Uniswap and the Life of a Protocol


In decentralized finance, and in the overall blockchain sector, what has always mattered is that the protocol survives beyond the scope of the current software it runs within. As a result, we have seen massive adaptations after adoption of the first instance of a successful protocol. For example, The bitcoin protocol has morphed into multiple different protocols and chains, and coins over the past 12+ years. Similarly, other token protocols have morphed.

However, within the scope of liquidity pools and decentralized exchanges, the feat accomplished by Hayden's Uniswap protocol is a story unto itself. For example, when uniswap was released it received significant adoption since it offered ordinary retail users a chance to invest their coins and earn some interest from liquidity pools. This market making wherein retail individuals would park their coins in liquidity pools became a significant component of the decentralized economy and the protocol's did not depend on a single team of individuals, or a single peice of software or even a common user interface. This software system runs autonomously, is governed by a decentralized team, and is managed and maintained by a globally distributed software team. While core protocol specifications and modifications to these specifications are the responsibility of a central organization, the development and user interface is completely decentralized.

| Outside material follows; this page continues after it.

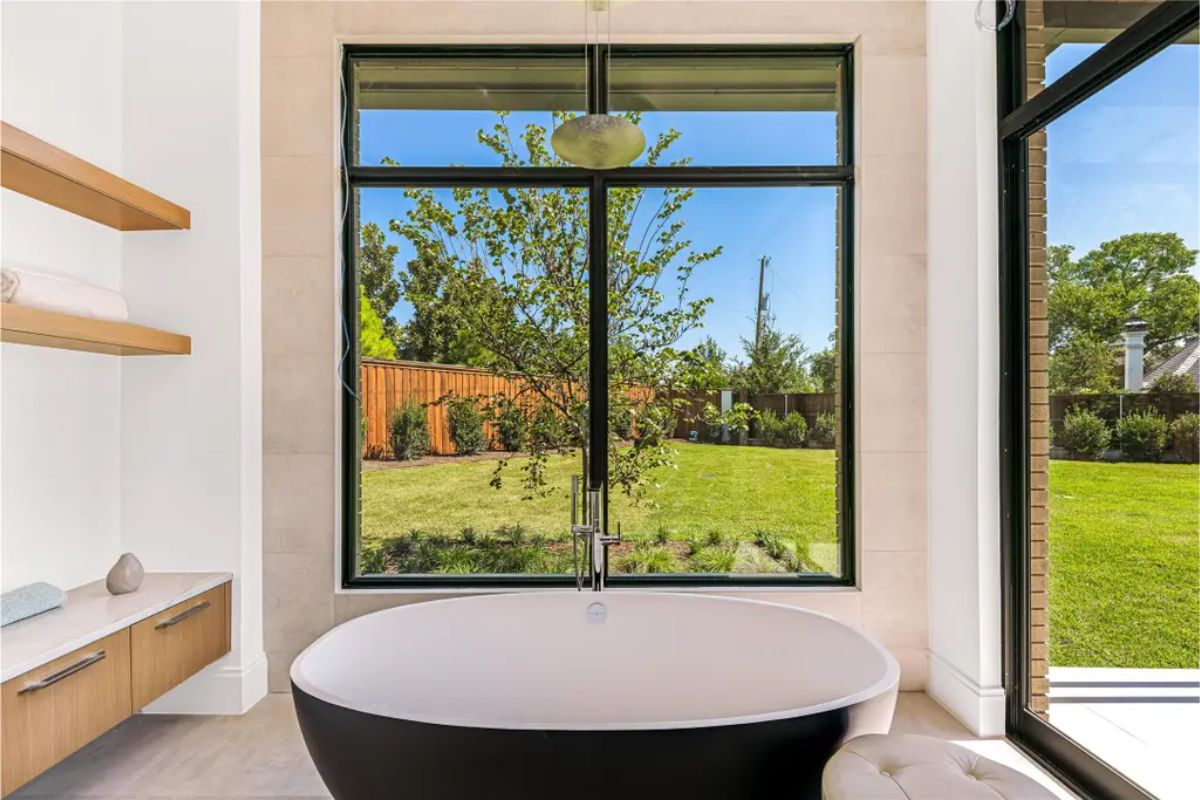 Freestanding black and white bathtub positioned in front of floor-to-ceiling windows overlooking a lush backyard.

When uniswap.org raised their first external investment from the professional VC community which required KYC, AML etc. adherence, the community that engaged with the code, decided to fork off and overnight several instances or clones of the uniswap started operating. True decentralization just needs an individual to login or connect with his/her own wallet, and does not need a login ID or password to access the services of the decentralized application.

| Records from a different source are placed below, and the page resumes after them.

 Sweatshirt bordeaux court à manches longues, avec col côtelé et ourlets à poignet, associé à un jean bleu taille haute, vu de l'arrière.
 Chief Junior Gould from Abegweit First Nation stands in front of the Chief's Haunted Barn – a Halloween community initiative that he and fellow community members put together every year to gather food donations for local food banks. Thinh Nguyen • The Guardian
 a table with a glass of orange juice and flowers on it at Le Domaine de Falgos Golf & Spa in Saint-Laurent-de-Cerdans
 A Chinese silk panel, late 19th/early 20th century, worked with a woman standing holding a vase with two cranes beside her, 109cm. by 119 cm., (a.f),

In a short timeframe there are more than 100 uniswap protocol applications, some running on hosted services like zapper.fi. Some running within the context of the mobile phone apps such as moonswap. Some even running with their own separate unlinked liqudity pools like sushiswap. What matters is that the input to the liquidity pools in the form of token pairs are sourced from a variety of user interfaces such as zapper.fi or aave. The more the Decentralized applications that run on the same protocol - irrespective of the user interface or the mode of operating (mobile app, web app, hosted application, windows application) the more the protocol's life extends.

The network effects of such a protocol - that survives beyond its source and provides access to users globally, - i.e., virtually anyone connected to the internet - is going to give this a life beyond what has been explained or thought of as possible in traditional software development lifecycle thoeries. There is virtually not going to be an End of Life or a single point of maintainence.